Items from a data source
^^^^^^^^

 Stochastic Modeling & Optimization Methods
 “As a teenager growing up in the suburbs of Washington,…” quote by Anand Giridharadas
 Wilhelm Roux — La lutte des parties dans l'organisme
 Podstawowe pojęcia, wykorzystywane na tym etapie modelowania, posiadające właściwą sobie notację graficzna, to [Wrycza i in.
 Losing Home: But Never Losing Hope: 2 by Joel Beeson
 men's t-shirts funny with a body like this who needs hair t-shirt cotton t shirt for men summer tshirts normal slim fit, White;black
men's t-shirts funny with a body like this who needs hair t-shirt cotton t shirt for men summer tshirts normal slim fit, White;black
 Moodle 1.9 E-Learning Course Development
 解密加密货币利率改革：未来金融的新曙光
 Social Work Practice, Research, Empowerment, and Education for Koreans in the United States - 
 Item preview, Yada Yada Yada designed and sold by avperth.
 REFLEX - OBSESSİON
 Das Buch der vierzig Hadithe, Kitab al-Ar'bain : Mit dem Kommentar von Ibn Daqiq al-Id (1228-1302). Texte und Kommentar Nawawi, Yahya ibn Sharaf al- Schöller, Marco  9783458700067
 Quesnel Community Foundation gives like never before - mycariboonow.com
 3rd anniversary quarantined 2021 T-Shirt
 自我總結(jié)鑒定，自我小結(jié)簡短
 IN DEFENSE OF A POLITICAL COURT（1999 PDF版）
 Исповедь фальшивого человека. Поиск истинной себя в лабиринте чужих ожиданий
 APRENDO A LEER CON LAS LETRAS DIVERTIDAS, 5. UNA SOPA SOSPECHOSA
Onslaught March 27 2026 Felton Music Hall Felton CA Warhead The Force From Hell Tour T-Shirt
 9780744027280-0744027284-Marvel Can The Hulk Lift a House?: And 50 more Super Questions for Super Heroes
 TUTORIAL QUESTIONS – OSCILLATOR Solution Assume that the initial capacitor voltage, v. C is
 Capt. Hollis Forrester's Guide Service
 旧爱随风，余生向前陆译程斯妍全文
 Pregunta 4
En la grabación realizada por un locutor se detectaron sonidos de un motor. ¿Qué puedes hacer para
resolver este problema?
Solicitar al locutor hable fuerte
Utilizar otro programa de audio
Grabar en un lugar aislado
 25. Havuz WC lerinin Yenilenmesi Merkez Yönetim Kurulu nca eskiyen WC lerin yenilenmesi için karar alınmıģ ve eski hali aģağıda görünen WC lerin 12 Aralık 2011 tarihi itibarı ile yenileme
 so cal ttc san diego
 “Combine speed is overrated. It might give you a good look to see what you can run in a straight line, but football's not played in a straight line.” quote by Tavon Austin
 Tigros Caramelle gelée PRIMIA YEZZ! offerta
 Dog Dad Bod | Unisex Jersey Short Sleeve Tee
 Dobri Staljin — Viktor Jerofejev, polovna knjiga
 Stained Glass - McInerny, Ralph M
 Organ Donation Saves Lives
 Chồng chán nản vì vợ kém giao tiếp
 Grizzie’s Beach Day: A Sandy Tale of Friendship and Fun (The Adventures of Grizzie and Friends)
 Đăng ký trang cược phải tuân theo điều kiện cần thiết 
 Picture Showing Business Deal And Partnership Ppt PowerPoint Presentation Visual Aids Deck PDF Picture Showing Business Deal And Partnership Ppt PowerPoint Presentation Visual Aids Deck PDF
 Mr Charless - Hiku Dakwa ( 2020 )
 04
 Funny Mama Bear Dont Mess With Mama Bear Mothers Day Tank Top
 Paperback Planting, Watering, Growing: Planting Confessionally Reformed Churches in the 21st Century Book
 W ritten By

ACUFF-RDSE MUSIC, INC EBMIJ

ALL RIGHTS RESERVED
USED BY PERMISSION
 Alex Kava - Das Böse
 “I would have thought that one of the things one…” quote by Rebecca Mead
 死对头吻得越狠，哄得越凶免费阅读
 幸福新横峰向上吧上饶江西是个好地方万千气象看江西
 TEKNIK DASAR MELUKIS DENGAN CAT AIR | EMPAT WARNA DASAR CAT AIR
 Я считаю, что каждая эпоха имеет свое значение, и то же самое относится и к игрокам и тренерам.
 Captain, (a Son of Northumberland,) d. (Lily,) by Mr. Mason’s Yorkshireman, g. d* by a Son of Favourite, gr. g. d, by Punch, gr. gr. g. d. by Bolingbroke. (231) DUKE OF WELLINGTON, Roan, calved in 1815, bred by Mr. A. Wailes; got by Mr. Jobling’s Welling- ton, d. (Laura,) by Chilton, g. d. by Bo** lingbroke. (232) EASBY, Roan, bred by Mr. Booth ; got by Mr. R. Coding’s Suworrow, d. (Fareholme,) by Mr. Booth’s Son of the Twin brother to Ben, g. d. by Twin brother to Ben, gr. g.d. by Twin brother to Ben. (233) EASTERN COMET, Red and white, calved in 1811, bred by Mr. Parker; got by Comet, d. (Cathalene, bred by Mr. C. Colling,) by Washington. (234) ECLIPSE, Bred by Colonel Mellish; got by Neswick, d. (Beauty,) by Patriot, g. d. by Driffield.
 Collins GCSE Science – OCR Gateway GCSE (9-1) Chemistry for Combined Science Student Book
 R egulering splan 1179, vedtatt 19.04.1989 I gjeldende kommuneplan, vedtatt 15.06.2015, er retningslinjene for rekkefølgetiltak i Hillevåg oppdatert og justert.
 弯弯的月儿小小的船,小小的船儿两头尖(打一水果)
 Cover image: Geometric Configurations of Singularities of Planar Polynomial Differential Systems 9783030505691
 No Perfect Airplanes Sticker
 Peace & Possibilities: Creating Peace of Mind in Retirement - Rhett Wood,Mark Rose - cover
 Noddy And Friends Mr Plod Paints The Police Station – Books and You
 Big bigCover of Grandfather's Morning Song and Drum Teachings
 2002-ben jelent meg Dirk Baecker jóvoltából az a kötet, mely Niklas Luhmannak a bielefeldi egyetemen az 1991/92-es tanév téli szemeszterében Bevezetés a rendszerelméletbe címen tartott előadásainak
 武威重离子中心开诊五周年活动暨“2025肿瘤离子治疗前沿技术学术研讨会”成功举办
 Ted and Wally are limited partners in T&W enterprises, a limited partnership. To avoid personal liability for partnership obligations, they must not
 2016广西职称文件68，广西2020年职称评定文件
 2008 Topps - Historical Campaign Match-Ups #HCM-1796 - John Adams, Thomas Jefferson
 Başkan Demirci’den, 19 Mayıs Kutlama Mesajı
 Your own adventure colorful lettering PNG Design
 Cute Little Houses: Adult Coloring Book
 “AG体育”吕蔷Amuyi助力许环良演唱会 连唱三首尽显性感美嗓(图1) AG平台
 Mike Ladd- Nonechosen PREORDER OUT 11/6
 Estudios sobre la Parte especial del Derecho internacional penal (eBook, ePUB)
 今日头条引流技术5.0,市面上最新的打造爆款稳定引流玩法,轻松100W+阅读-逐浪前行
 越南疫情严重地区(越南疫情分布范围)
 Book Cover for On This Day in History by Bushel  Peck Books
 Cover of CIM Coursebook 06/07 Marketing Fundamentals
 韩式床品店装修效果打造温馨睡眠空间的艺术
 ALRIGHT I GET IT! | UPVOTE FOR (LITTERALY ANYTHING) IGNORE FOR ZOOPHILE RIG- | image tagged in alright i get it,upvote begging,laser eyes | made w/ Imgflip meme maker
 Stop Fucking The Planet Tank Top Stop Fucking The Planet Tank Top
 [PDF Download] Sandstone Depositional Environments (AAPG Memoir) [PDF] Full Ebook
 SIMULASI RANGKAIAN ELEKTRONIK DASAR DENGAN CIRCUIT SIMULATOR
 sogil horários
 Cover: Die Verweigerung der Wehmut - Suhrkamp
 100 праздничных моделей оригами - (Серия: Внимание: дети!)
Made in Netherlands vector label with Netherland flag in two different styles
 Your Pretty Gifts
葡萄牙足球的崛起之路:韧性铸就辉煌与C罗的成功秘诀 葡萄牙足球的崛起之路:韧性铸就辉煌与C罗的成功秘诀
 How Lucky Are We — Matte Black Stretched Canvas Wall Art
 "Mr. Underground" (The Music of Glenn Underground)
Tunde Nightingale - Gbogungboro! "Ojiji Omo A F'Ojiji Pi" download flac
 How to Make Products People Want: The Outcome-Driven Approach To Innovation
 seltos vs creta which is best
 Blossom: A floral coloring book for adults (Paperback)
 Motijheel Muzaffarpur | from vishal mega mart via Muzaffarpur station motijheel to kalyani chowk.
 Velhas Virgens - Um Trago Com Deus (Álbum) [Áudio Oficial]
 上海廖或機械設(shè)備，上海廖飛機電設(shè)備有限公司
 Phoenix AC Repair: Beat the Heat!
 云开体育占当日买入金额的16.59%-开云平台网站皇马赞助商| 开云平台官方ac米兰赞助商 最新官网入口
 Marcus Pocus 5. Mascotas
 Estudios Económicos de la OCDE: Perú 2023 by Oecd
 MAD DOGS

^^^^^^^^

» **Exercise prompt**
Please give back, exactly as it stands above, the stretch from the line with "Mike Ladd- Nonechosen PREORDER OUT 11/6" through the line with "sogil horários", and no line outside it.

» **Solution below**
 Mike Ladd- Nonechosen PREORDER OUT 11/6
 Estudios sobre la Parte especial del Derecho internacional penal (eBook, ePUB)
 今日头条引流技术5.0,市面上最新的打造爆款稳定引流玩法,轻松100W+阅读-逐浪前行
 越南疫情严重地区(越南疫情分布范围)
 Book Cover for On This Day in History by Bushel  Peck Books
 Cover of CIM Coursebook 06/07 Marketing Fundamentals
 韩式床品店装修效果打造温馨睡眠空间的艺术
 ALRIGHT I GET IT! | UPVOTE FOR (LITTERALY ANYTHING) IGNORE FOR ZOOPHILE RIG- | image tagged in alright i get it,upvote begging,laser eyes | made w/ Imgflip meme maker
 Stop Fucking The Planet Tank Top Stop Fucking The Planet Tank Top
 [PDF Download] Sandstone Depositional Environments (AAPG Memoir) [PDF] Full Ebook
 SIMULASI RANGKAIAN ELEKTRONIK DASAR DENGAN CIRCUIT SIMULATOR
 sogil horários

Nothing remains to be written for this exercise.